What is needed: Give the entries again exactly, without pictures.

Scraped caption text data:

=======

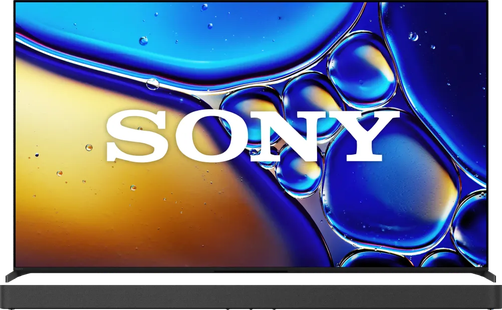 Sony Bravia 8 II 55 QD-OLED (2025) + Sony Bravia Theatre Bar 9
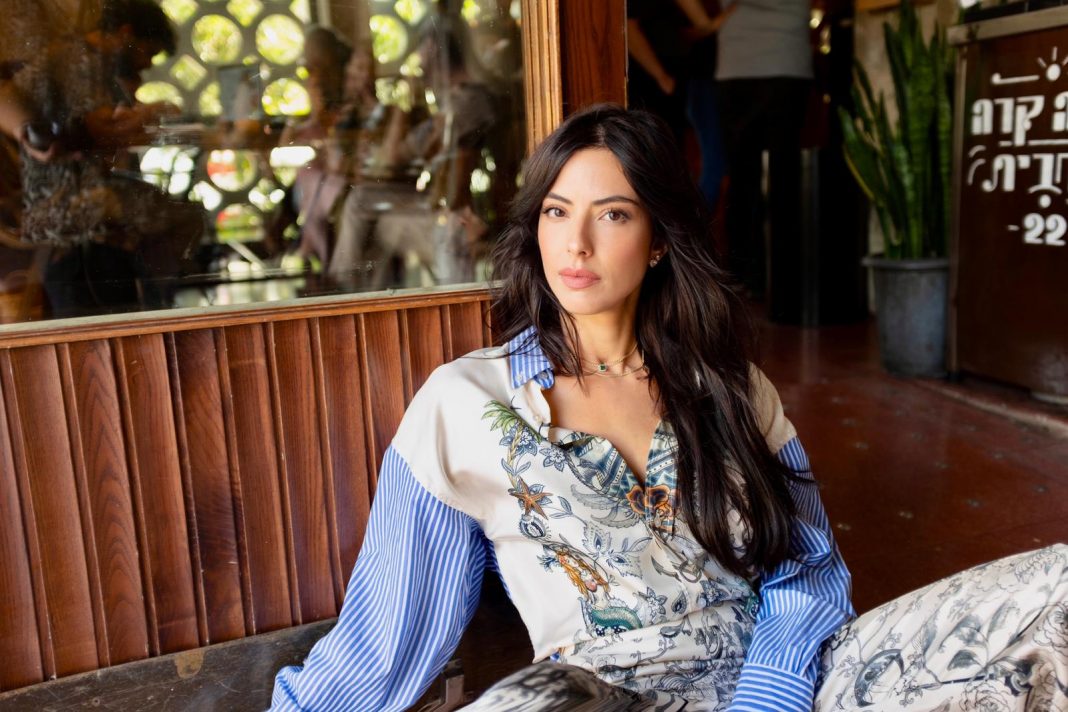 חן אלקבץ- צילום: אלון שפרנסקי חן אלקבץ- צילום: אלון שפרנסקי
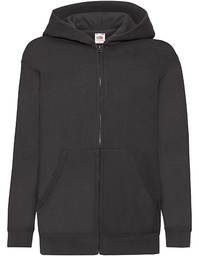 Fruit of the Loom 62-045-0 Kids´ Classic Hooded Sweat Jacket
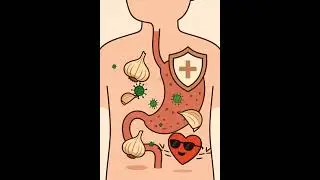 garlick health benefit #garlic #daily #food #health #natural #healthyfood  #raw #garlicknots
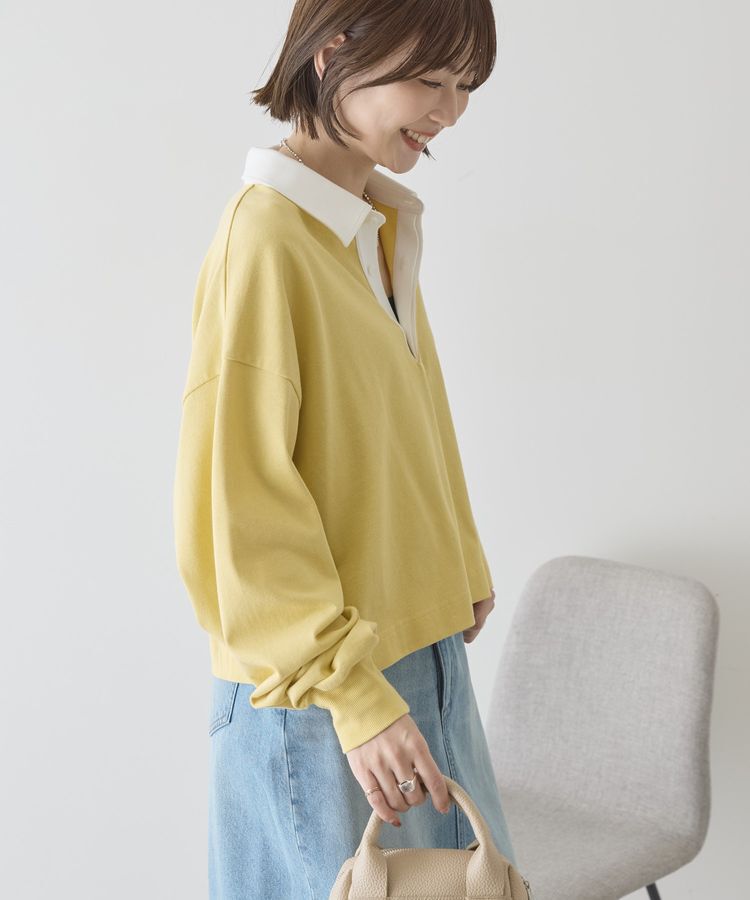 AMERICAN HOLIC「アソートラガーシャツ」|スウェット・ジャージ|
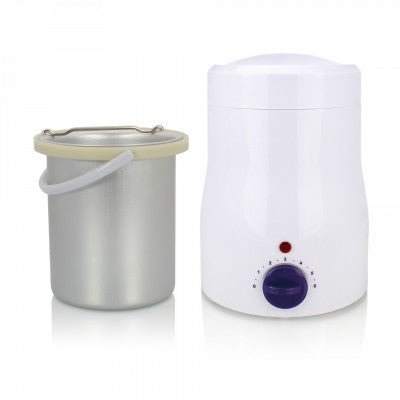 MONU SINGLE WAX HEATER 1000cc - Heaters & Starter Kits - SalonExpress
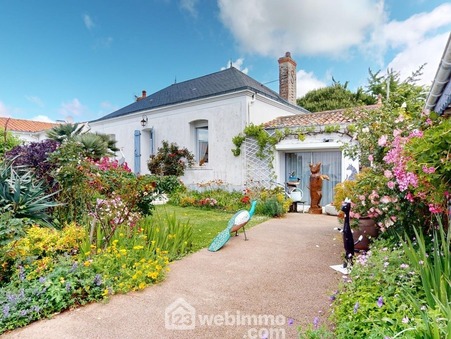 Vente Maison/villa de prestige Jard sur Mer 515 000 €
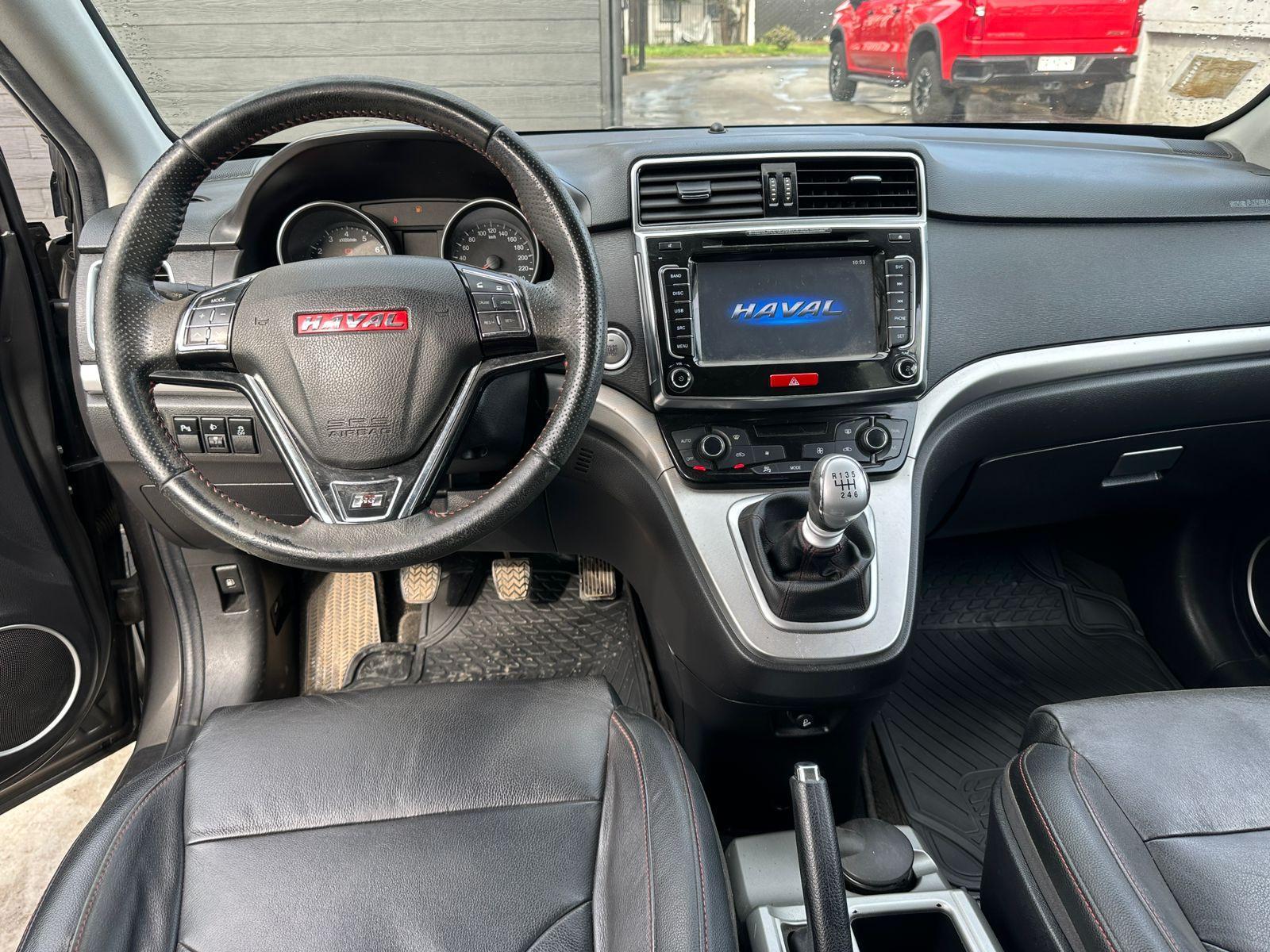 Haval H6 2017 - Imagen 8 de 19
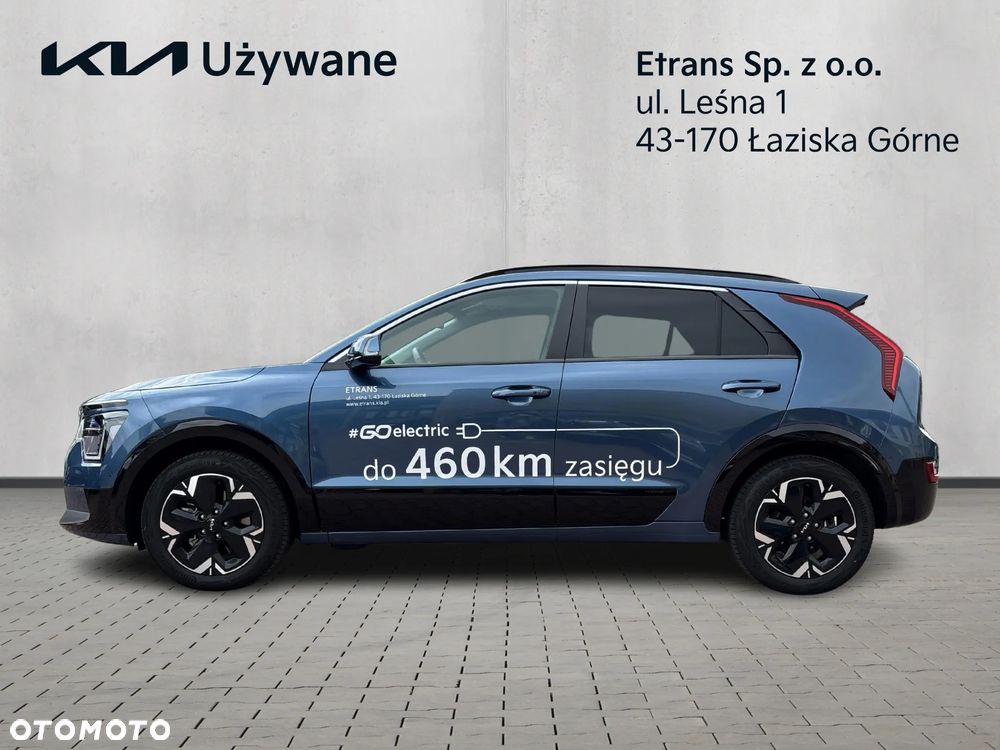 Kia Niro e-Niro 64kWh XL - 3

=======

Solution for this exercise:
 Sony Bravia 8 II 55 QD-OLED (2025) + Sony Bravia Theatre Bar 9
 חן אלקבץ- צילום: אלון שפרנסקי חן אלקבץ- צילום: אלון שפרנסקי
 Fruit of the Loom 62-045-0 Kids´ Classic Hooded Sweat Jacket
 garlick health benefit #garlic #daily #food #health #natural #healthyfood  #raw #garlicknots
 AMERICAN HOLIC「アソートラガーシャツ」|スウェット・ジャージ|
 MONU SINGLE WAX HEATER 1000cc - Heaters & Starter Kits - SalonExpress
 Vente Maison/villa de prestige Jard sur Mer 515 000 €
 Haval H6 2017 - Imagen 8 de 19
 Kia Niro e-Niro 64kWh XL - 3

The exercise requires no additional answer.